The great French (or Italian, if you believe his gravestone. To make a long story short, he fell madly in love with a Milanese woman, who never said “yes”) novelist, Stendhal, had his own definitions of romanticism and classicism. As he wrote in his Racine and Shakespeare,
Romanticism is the art of presenting to different peoples those literary works which, in the existing state of their habits and beliefs, are capable of giving them the greatest possible pleasure.
Classicism, on the contrary, presents to them that literature which gave the greatest pleasure to their great-grandfathers.

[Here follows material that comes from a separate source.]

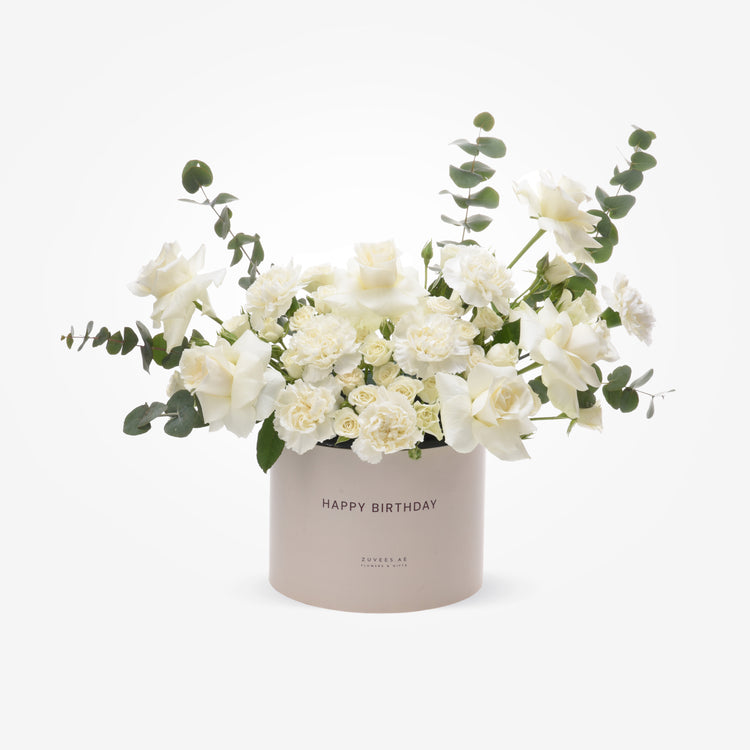 Ethereal White Bloom Birthday Box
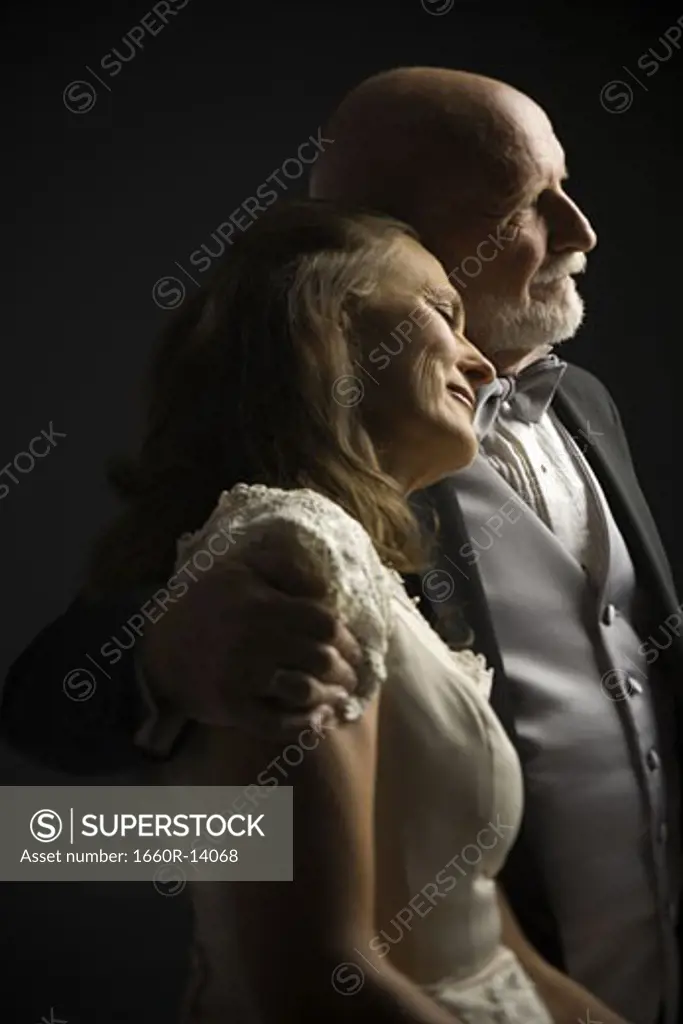 Profile of older couple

His definition of culture was equally idiosyncratic. For him, genuine culture, whether music, art, poetry or prose, was a reflection of some aspect of the here and now. It was a reflection of the artist’s observation and experience of his own world. Classicists might entertain by resurrecting the cultural artifacts of bygone times, but, at least according to Stendhal, they were not creating culture in the process. Neither were artists like Sir Walter Scott, whose work represented for Stendhal a daydream about the past rather than a reflection of the present. In The Charterhouse of Parma, for example, the stifling reactionaries in post-Napoleonic Italy who were responsible for educating his hero, Fabrice, would allow him to read only the Bible, one or two official newspapers, and the works of Sir Walter Scott.
While I am not particularly enamored about the idea of attempting to return to bygone times, I am not particularly happy with the present, either. As a result, I have found little in what Stendhal would have considered the genuine culture of our time that I enjoy or appreciate. In general, some random poem from a dog-eared magazine of the 20’s or 30’s is more likely to bring a smile to my face than any of the contemporary stuff I’ve read for the last year or two. The same goes for serious fiction.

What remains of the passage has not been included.